After explaining how egregious the former President's and his allies actions have been and still are, Luttig goes on to say:

for the rest of us Americans, the time has come for us to decide whether we allow this war over our democracy to be prosecuted to its catastrophic end or whether we ourselves demand the immediate suspension of this war and insist on peace instead. ...

No American ought to turn away from January 6, 2021, until all of America comes to grips with what befell our country that day, and we decide what we want for our democracy from this day, forward.

Further down he says

As a consequence, America finds itself in desperate need of either a reawakening and quickening to the vision, truths, values, principles, beliefs, hopes, and dreams upon which the country was founded and that have made America the greatest nation in the world -- a revival of America and the American spirit. Or, if it is to be, we are in need of a revival around a new vision, new truths, new values, new principles, new beliefs, new hopes and dreams that hopefully could once again bind our divided nation together into the more perfect union that “We the People” originally ordained and established it to be.

This sounds very much like our call to develop a "widely shared vision for building a democracy in which we would all like to live." (Feature article, p. 357-358)

Luttig goes on to observe that rather than doing that, almost all politicians now are putting party before country.
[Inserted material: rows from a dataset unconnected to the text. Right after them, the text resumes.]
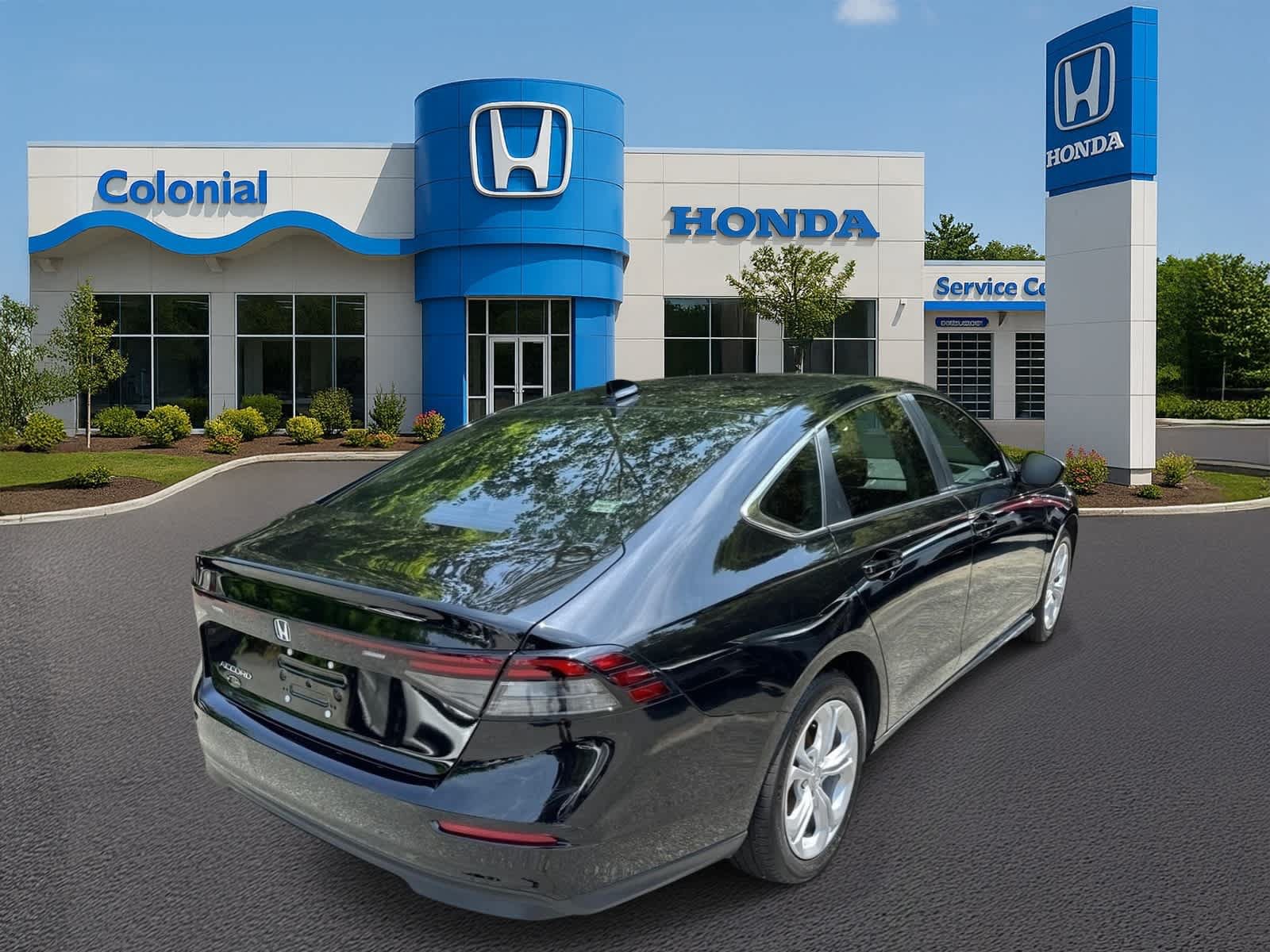Used 2025 Honda Accord LX image 6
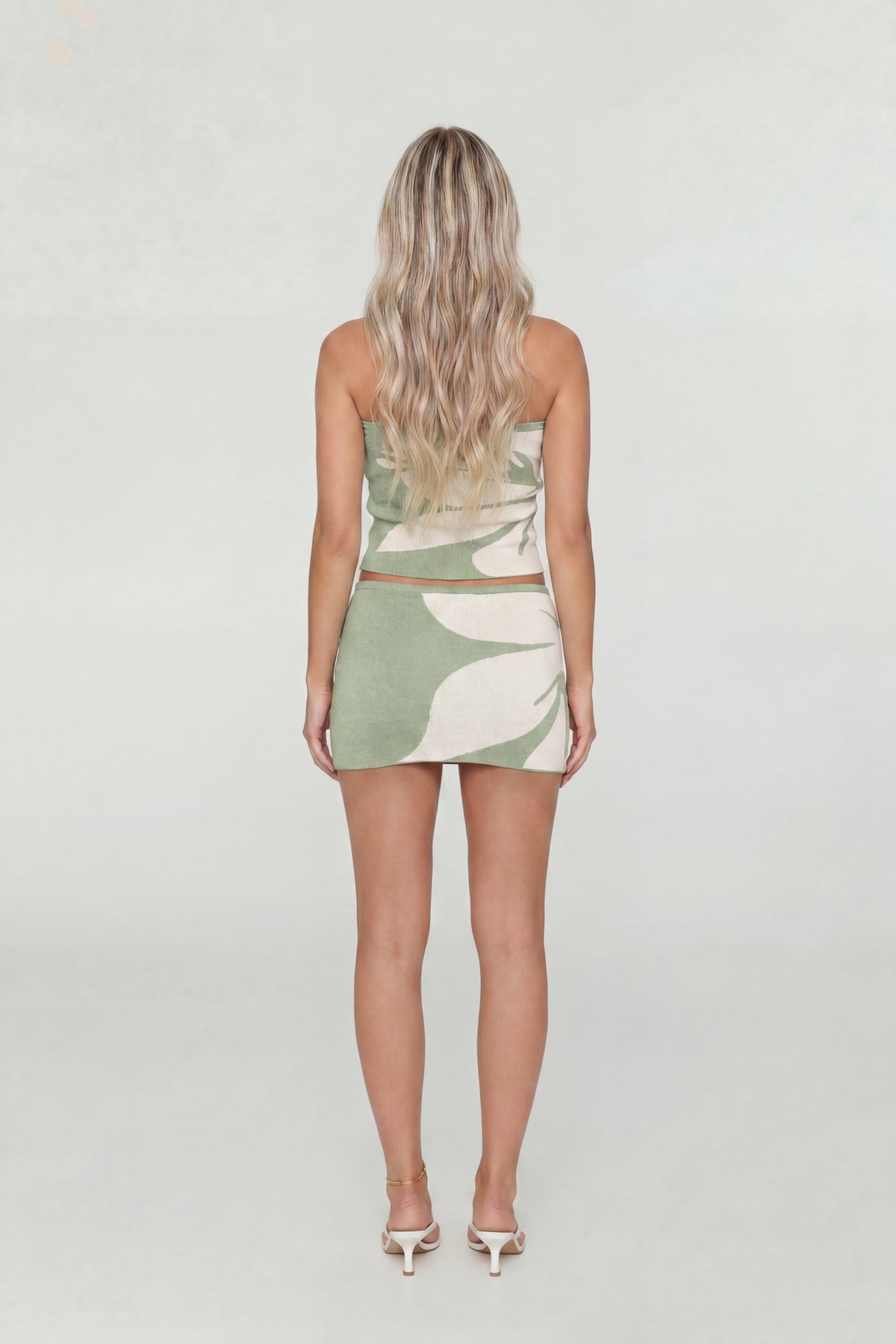 Alt View 3. Ribbed Floral Print Tube Top & Skort Set - Sage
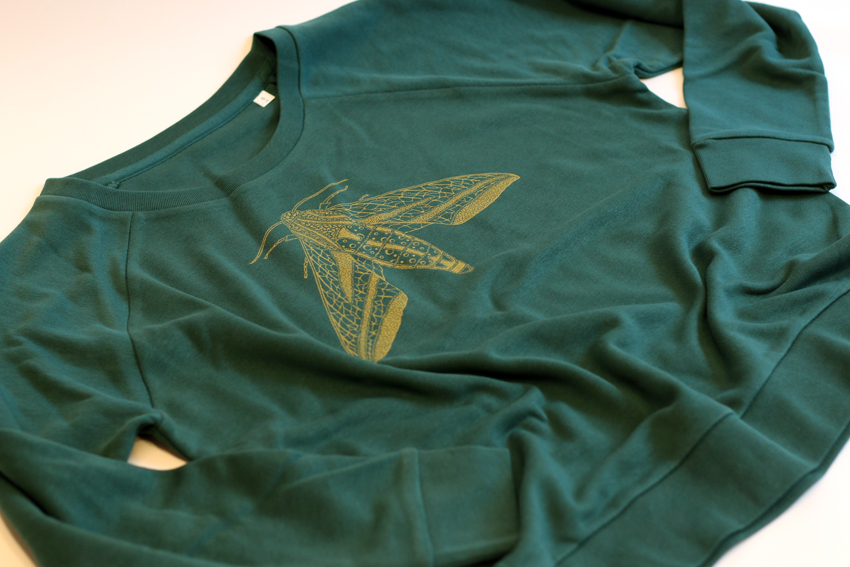 Women - Glazed green with golden Moth - S (SWA015)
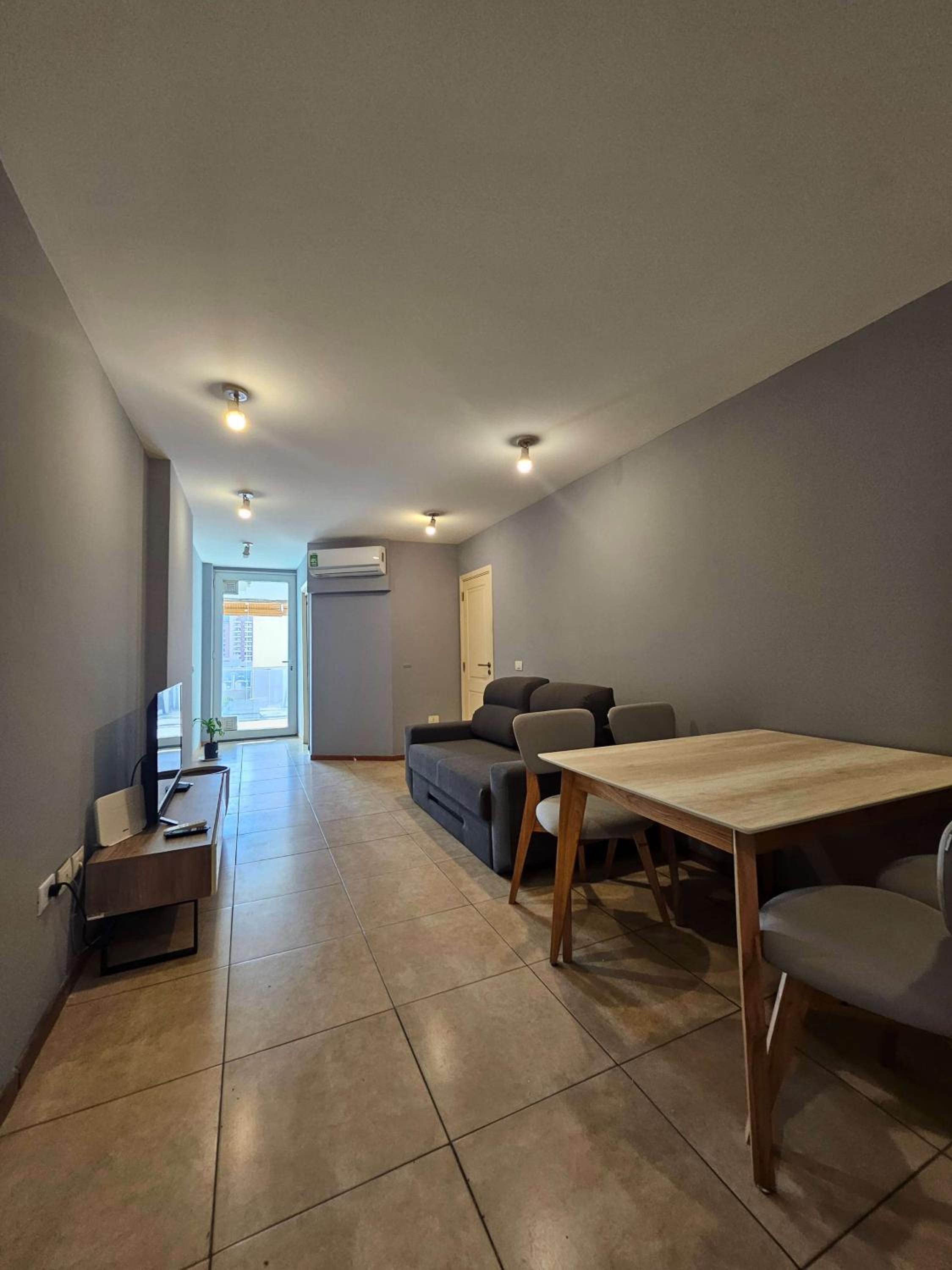One-Bedroom Apartment photo 1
They have purposely led us down the road not in the direction toward the bridging of our differences, but in the direction away from the bridging of those differences. They have proven themselves incapable of leading us. But still, all it would take to turn America around is a consensus among some number of these political leaders who possess the combined necessary moral authority and who would agree to be bound together by patriotic covenant, to stand up, step forward, and acknowledge to the American People that America is in peril. ... All of these leaders then need to summon first the moral courage and then the political courage, the strength, and the patriotic will to extend their hands, and ask of the others -- and of all Americans -- “Can we talk? America needs us.”

He ends his statement by saying:

We need to get back to work, and quickly. We need to get back to the solemn business of preserving, protecting, and defending the Constitution of the United States and the United States of America.

Yes, Chris, we don't have Luttig's insider's knowledge or credibility, but otherwise, yes, we could have written this! I hope he manages to persude enough of his party's leaders to develop such moral courage. And we constituents, I would add, should do all we can to convince our representatives to do so, and if they refuse, to vote them out of office and replace them with representatives who will.